**About this task**.
For the material below, the expected output is exactly the lines between the line holding "ein Schlafzimmer mit" and the line holding "May include: A", inclusive, with pictures left out.
━━━ Available data ━━━
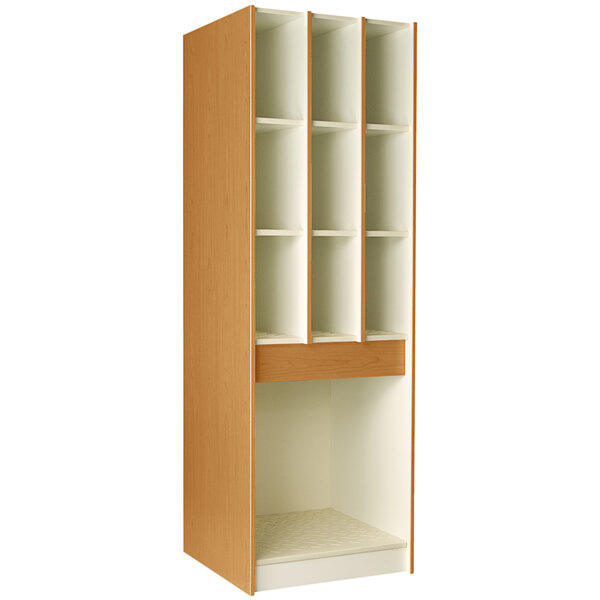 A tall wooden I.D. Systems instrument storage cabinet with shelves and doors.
━━━
━━━ Available data ━━━
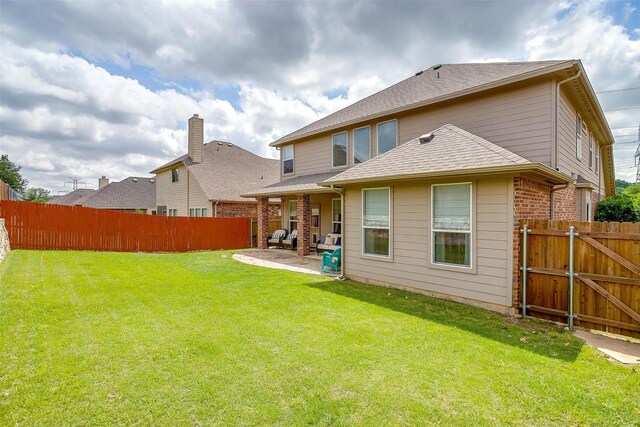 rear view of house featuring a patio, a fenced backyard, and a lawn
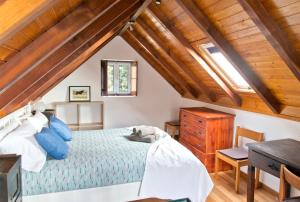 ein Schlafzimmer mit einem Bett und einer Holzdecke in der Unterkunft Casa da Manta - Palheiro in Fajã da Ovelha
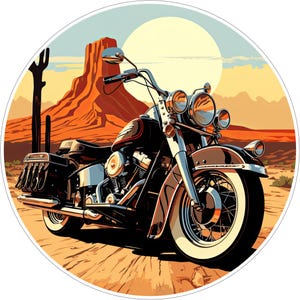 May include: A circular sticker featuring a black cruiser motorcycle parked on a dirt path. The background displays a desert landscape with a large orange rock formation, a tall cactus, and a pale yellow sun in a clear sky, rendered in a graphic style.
━━━
**Result**.
 ein Schlafzimmer mit einem Bett und einer Holzdecke in der Unterkunft Casa da Manta - Palheiro in Fajã da Ovelha
 May include: A circular sticker featuring a black cruiser motorcycle parked on a dirt path. The background displays a desert landscape with a large orange rock formation, a tall cactus, and a pale yellow sun in a clear sky, rendered in a graphic style.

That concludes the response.